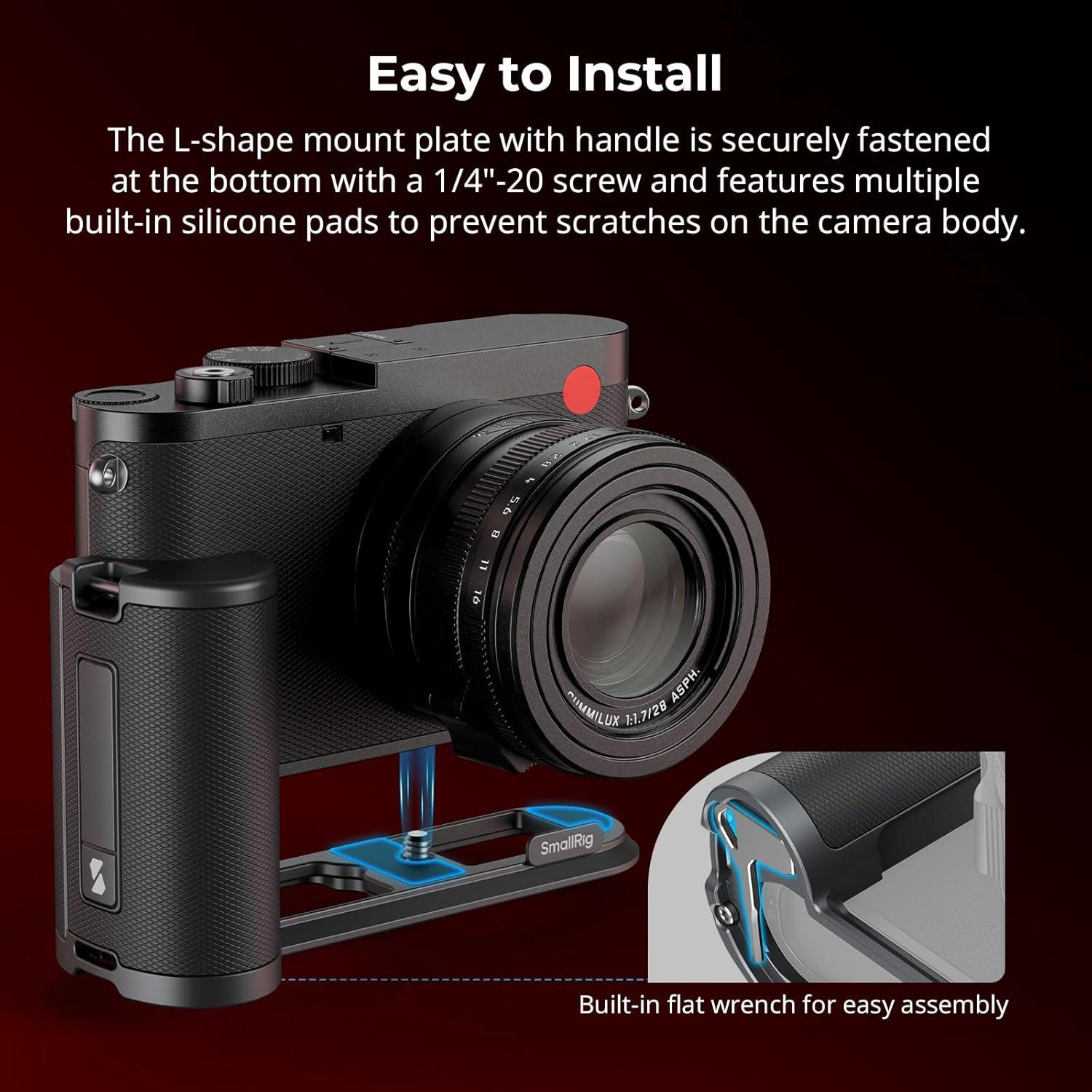 Mango en L SmallRig para Leica Q3 con Placa Rápida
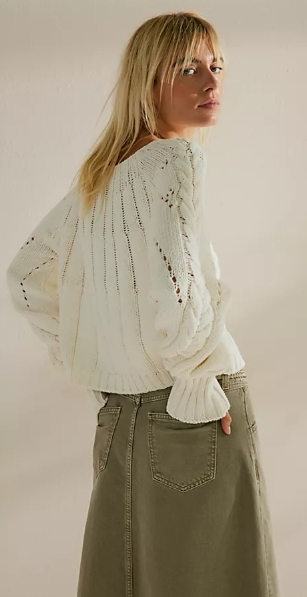 Sandre Pullover in Ivory- XS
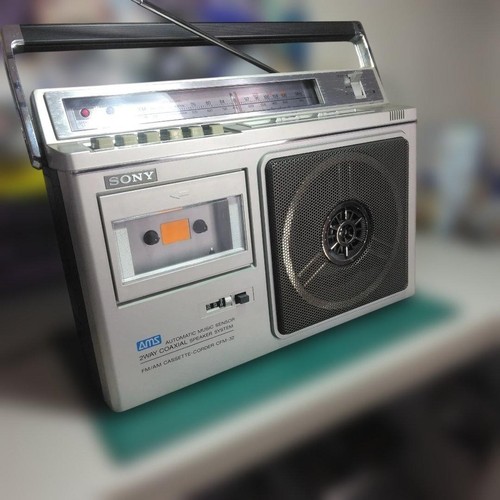 Radio cassette corder - corder, sony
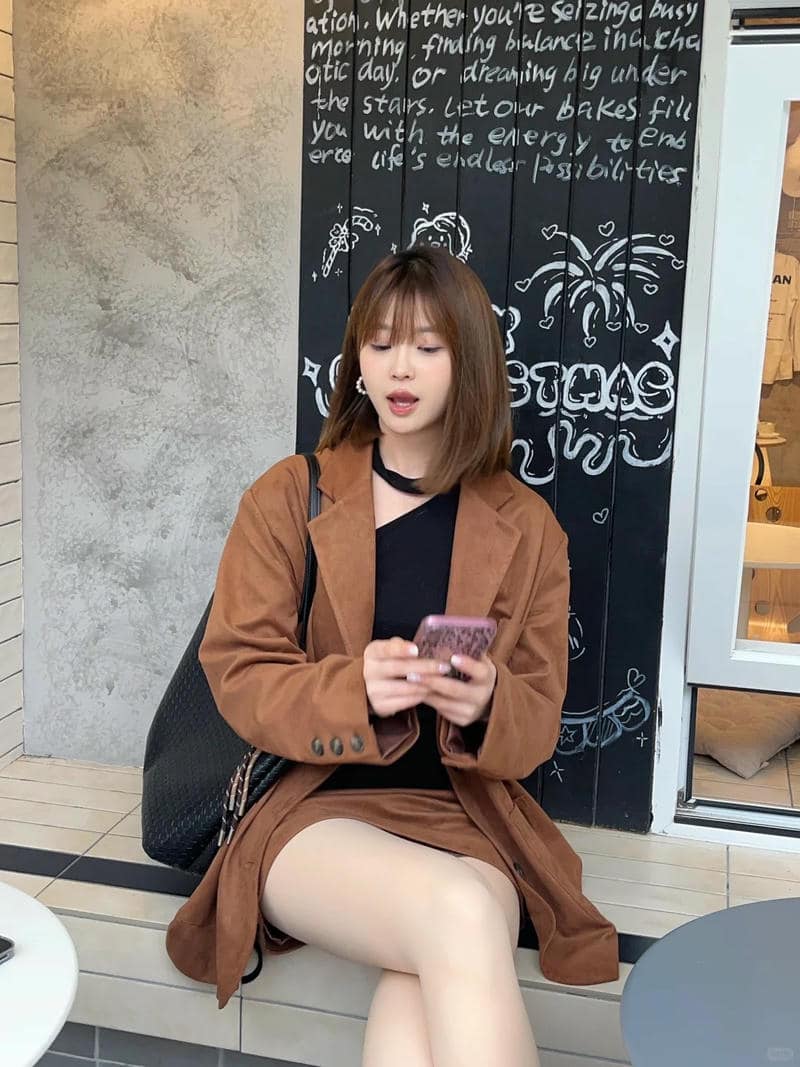 Ảnh gái xinh tóc ngang vai 2k3 65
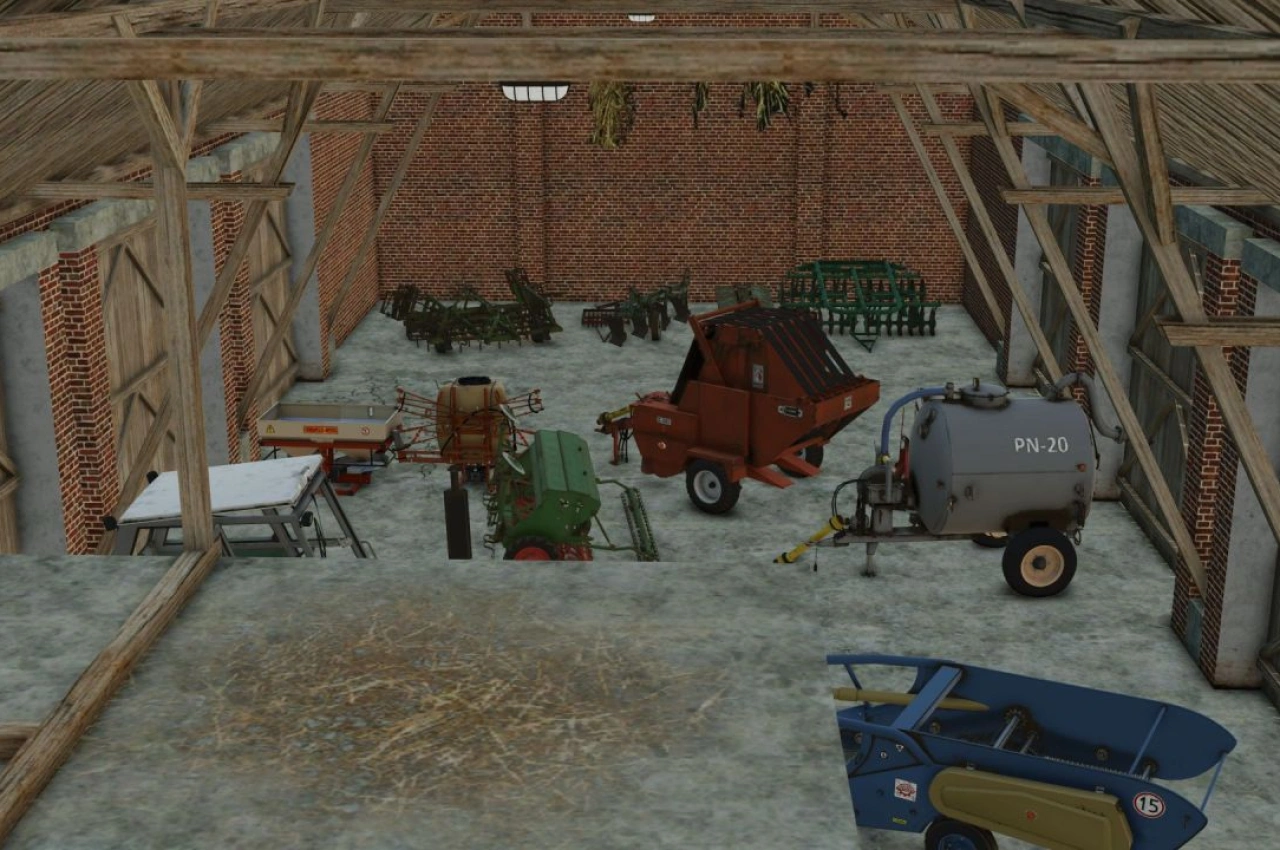Ziegel-Scheune für Farming Simulator 25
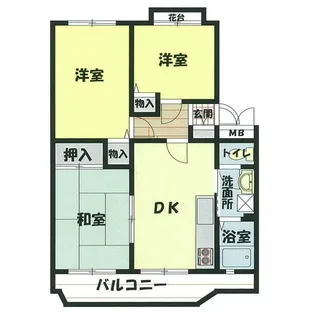 アメニティーふじみ野【102号室】の間取り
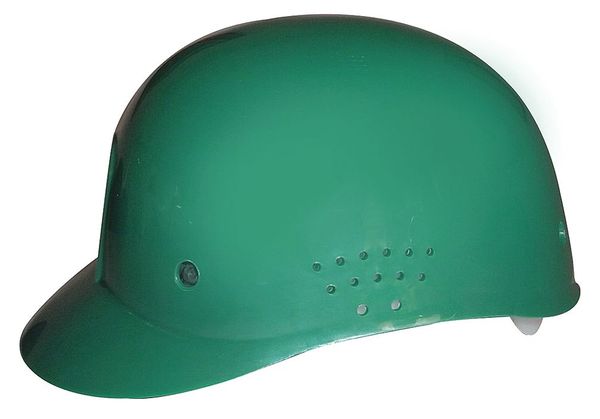 Vented Bump Cap, PPE, Pinlock, Green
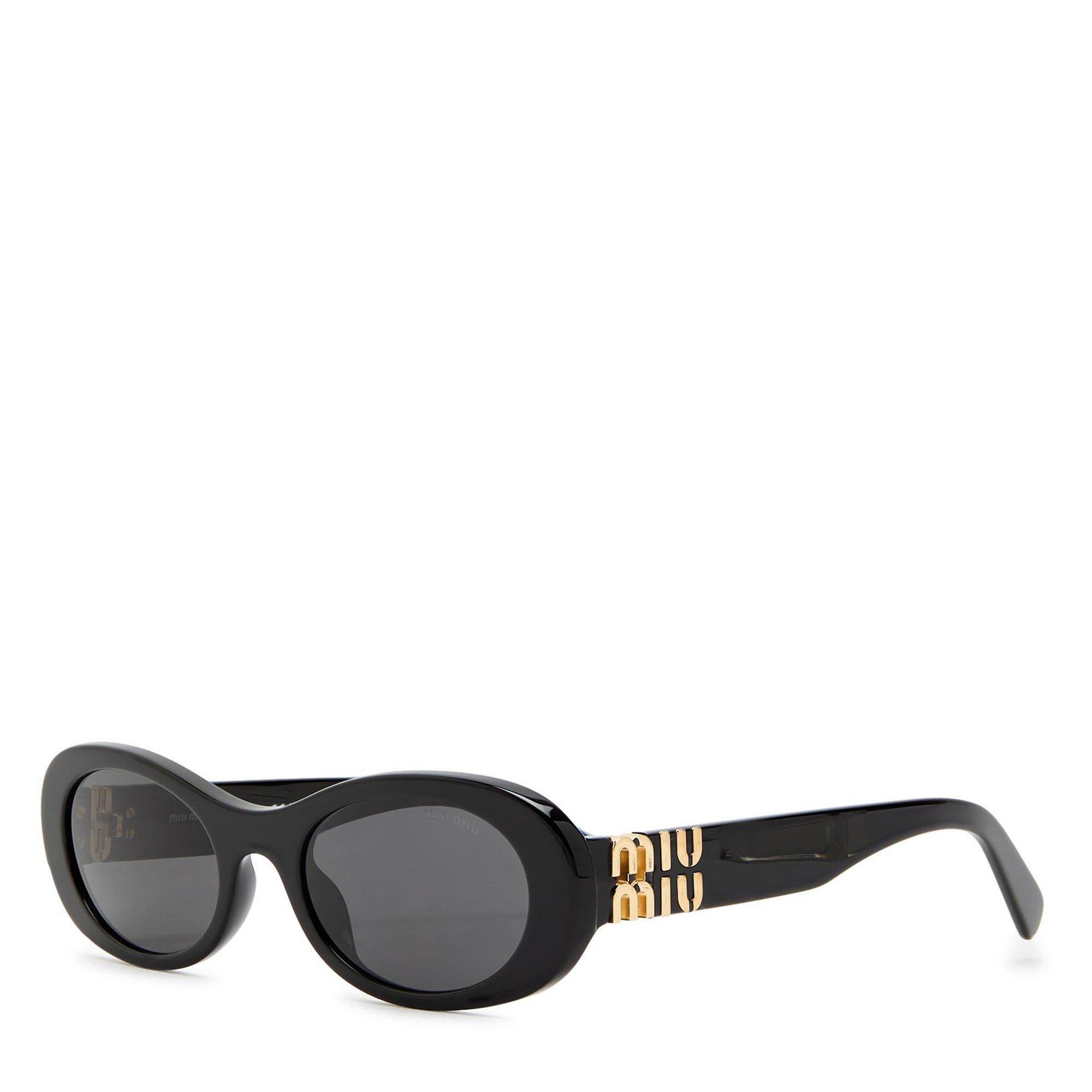 BLACK - Miu Miu - MIU MIU F OVAL SG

---

→ WORK INSTRUCTIONS: Pictures stay out of this copy. Retype exactly the lines from the one with "Vented Bump Cap, PPE, Pinlock, Green" through the last line of the data, both ends included, and nothing more.

→ OUTPUT FOR THIS EXERCISE:
 Vented Bump Cap, PPE, Pinlock, Green
 BLACK - Miu Miu - MIU MIU F OVAL SG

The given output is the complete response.